-- TASK STATEMENT --
Start with the line containing "Observa las siguientes" and write out each line through the end of the listing, exactly as given.

-- GIVEN MATERIAL --
▶
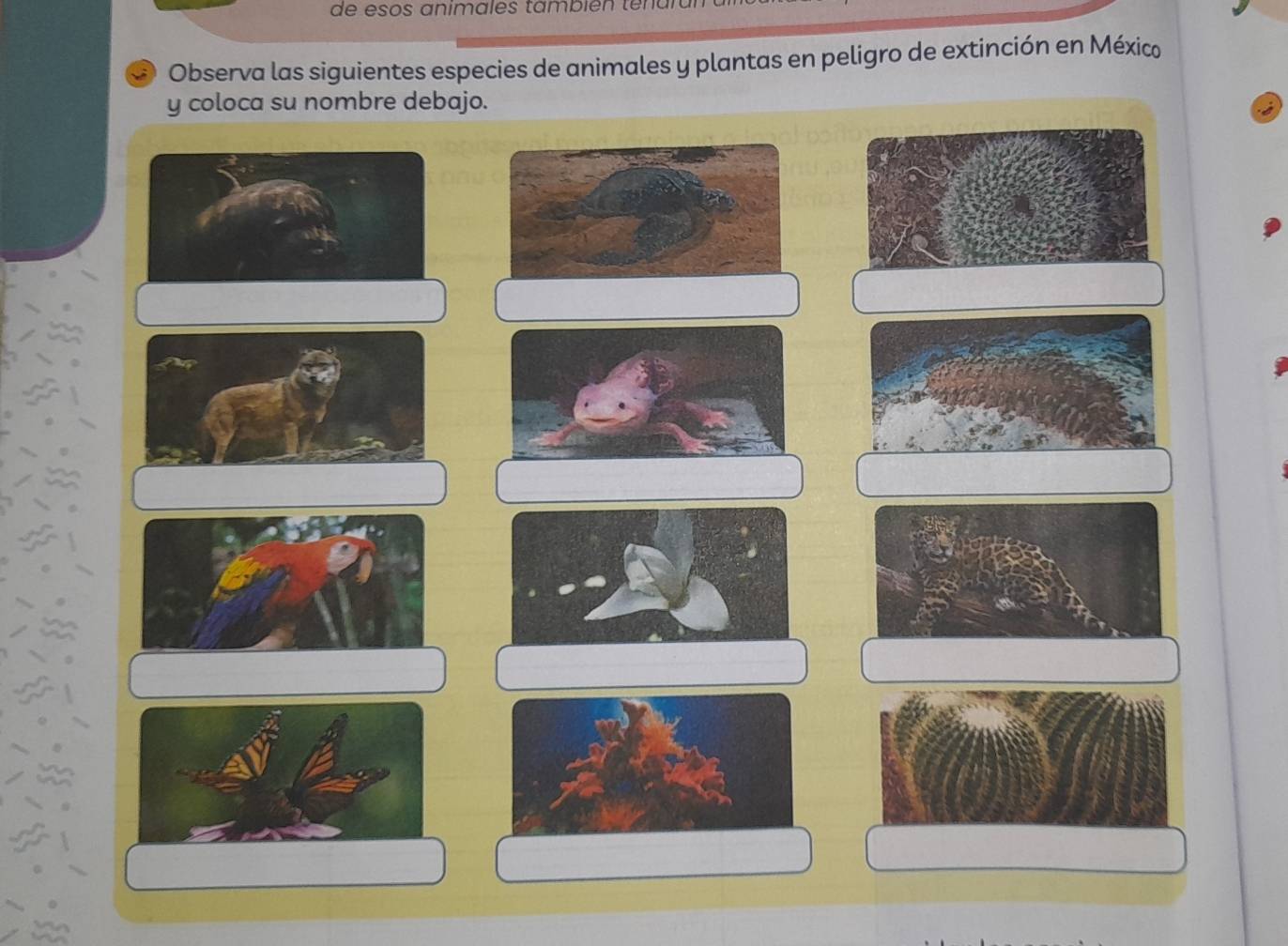 de esos animales también te n o 
Observa las siguientes especies de animales y plantas en peligro de extinción en México 
y coloca su nombre debajo.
◀
-- SOLUTION TO THIS EXERCISE --
Observa las siguientes especies de animales y plantas en peligro de extinción en México 
y coloca su nombre debajo.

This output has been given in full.